L'Organizzazione per i rifugiati è entrata in funzione come Commissione preparatoria (PCIRO) - in attesa del completamento del numero di quindici ratifiche richiesto per l'entrata in vigore dello statuto - il 1° luglio 1947, facendo proprie tutte le funzioni sin'allora svolte a favore dei profughi dall'UNRRA e dall'IGCR. Essa ha assunto durante il primo anno di attività il mantenimento di circa 740.000 individui raccolti nei campi di Germania (508.000), Austria (37.000), Italia (25.000), nel Medio ed Estremo Oriente (29.000) e 141.000 in altri paesi; nonché la protezione degli interessi di 900.000 altri rifugiati viventi per proprio conto, in parte nelle zone occupate della Germania e dell'Austria, in parte, fra cui circa 550.000 profughi anteguerra, nei paesi dell'Europa occidentale. Nonostante notevoli difficoltà finanziarie, derivanti dal ritardo delle ratifiche e del versamento dei contributi (soltanto 119 milioni di dollari, dei 155 previsti dal bilancio del primo anno, sono stati versati dagli stati membri), alla fine di giugno 1948 ben 256.000 persone del primo gruppo erano state trasferite definitivamente in altri paesi o - in minima parte - erano state rimpatriate, riducendo così a 598.000 il numero dei beneficiarî dell'assistenza e del mantenimento in campo. Il 20 agosto 1948, in seguito al completamento del numero prescritto di ratifiche (quindici) entrava in funzione l'organizzazione vera e propria (IRO). Alla fine dell'estate i paesi ratificanti erano sedici: Australia, Belgio, Canada, Cina, Danimarca, Repubblica dominicana, Francia, Guatemala, Islanda, Lussemburgo, Norvegia, Nuova Zelanda, Olanda, Gran Bretagna, Stati Uniti e Venezuela; si attendevano ancora le ratifiche degli altri 8 stati che avevano sottoscritto lo statuto: Argentina, Bolivia, Brasile, Honduras, Liberia, Panama, Perù, Filippine. L'Italia è stata ammessa a far parte dell'organizzazione il 24 settembre 1948, con deliberazione unanime del Consiglio generale.

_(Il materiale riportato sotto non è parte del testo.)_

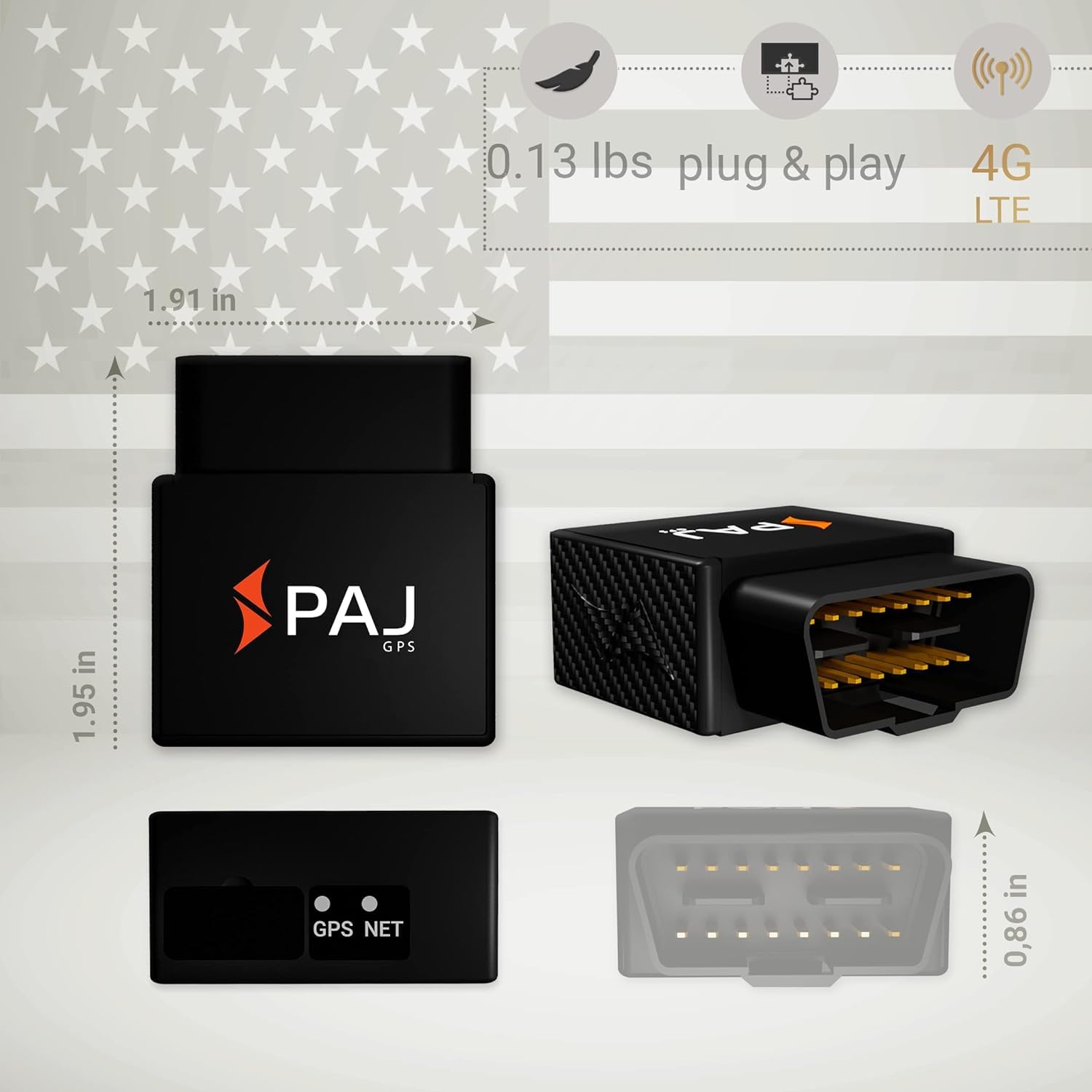 Paj Gps Obd Gps Tracker 4G Lte, Fleet Gps Tracker, Real Time Tracking Device For Trucks & Transporters, Car Tracking With Alarm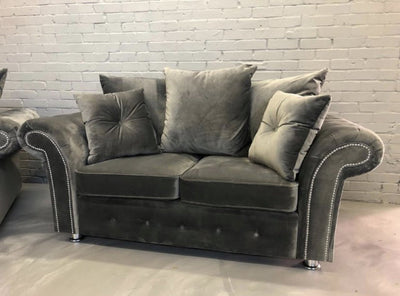 Zoey Plush 2 Seater sofa Grey-Button Arms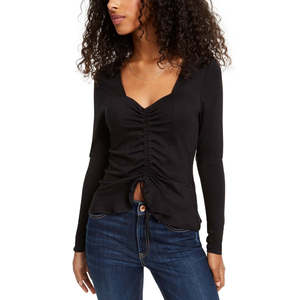 Top Corto da Donna Ultra Flirt Nero con Arricciatura Frontale in Maglia e Decorazione a Pieghe, Taglia S Unica, Logo Personalizzabile - Product Image 1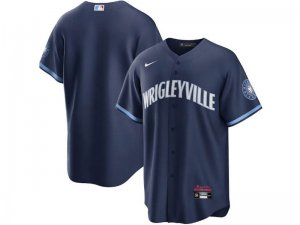 Chicago Cubs Custom #00 Navy 2021 City Connect Cool Base Jersey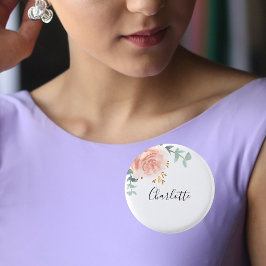 ユーカリ緑バラ金ゴールドフローラ名タグ 缶バッジ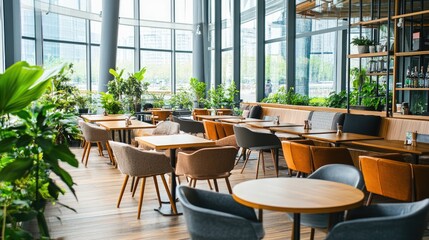Poster - A modern coffee shop with floor-to-ceiling windows, minimalist wooden furniture, and lush green plants.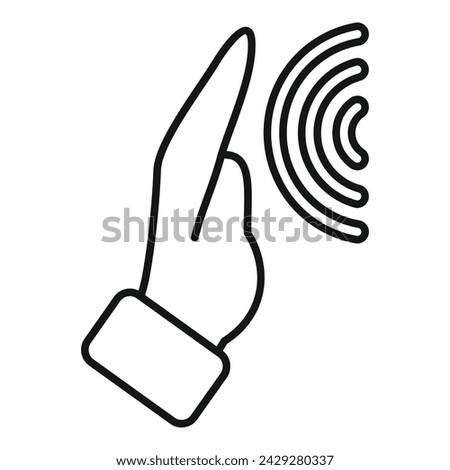 Distance palm scanning icon outline vector. Social system. Security eye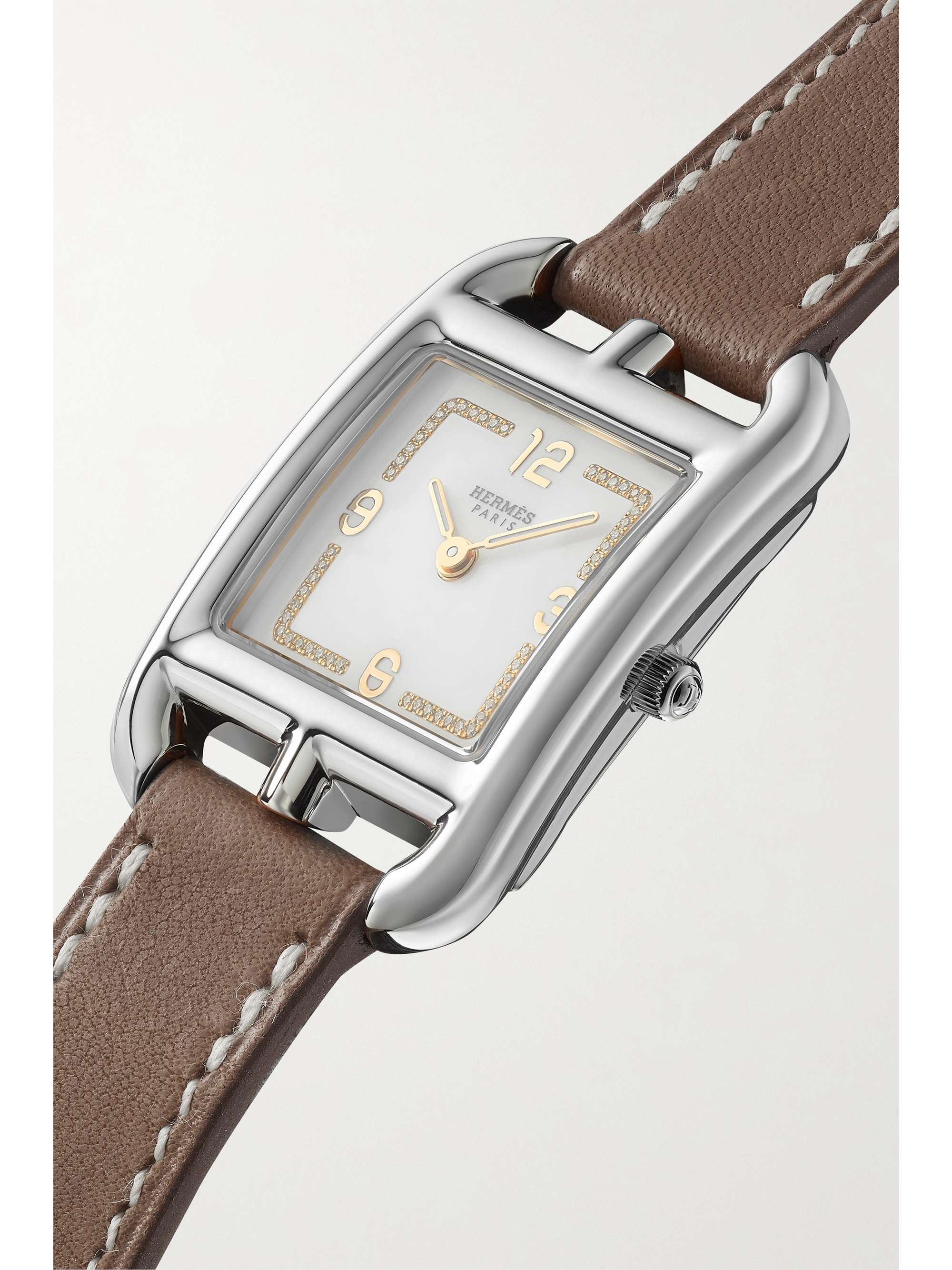HERMÈS TIMEPIECES Cape Cod Fil D'Or stainless steel, leather and diamond watch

Secondo i calcoli degli organi direttivi dell'organizzazione e il desiderio degli stati membri l'IRO dovrà portare a termine il suo compito nel 1950. Nei due anni della sua esistenza successivi al primo - per ciascuno dei quali è previsto un bilancio di circa 155 milioni di dollari, - l'IRO sarà in grado di effettuare l'emigrazione o il rimpatrio di 825.000 persone circa. Tali prospettive più favorevoli sono principalmente dovute, oltre che al miglioramento verificatosi nella situazione finanziaria dell'organizzazione per effetto delle nuove ratifiche e adesioni, alla migliore disposizione dei governi dei paesi di immigrazione ad accogliere un maggior numero di profughi. I paesi di afflusso, in ordine decrescente di capacità e disposizione all'assorbimento ed oltre all'Europa occidentale (Belgio, Francia, Gran Bretagna, Lussemburgo, Olanda), che assorbirà circa 60.000 persone, saranno: gli Stati Uniti, che accoglieranno per il primo anno circa 75.000 individui (Displaced persons act del 25 giugno 1948), il Canada (60.000), la Palestina (50.000), l'Argentina (30.000), l'Australia (20.000), il Brasile (15.000), il Venezuela (10.000), la Colombia (10.000), e per cifre minori il Guatemala, il Chile, il Perù, il Paraguay, l'Africa Settentrionale e la Nuova Zelanda.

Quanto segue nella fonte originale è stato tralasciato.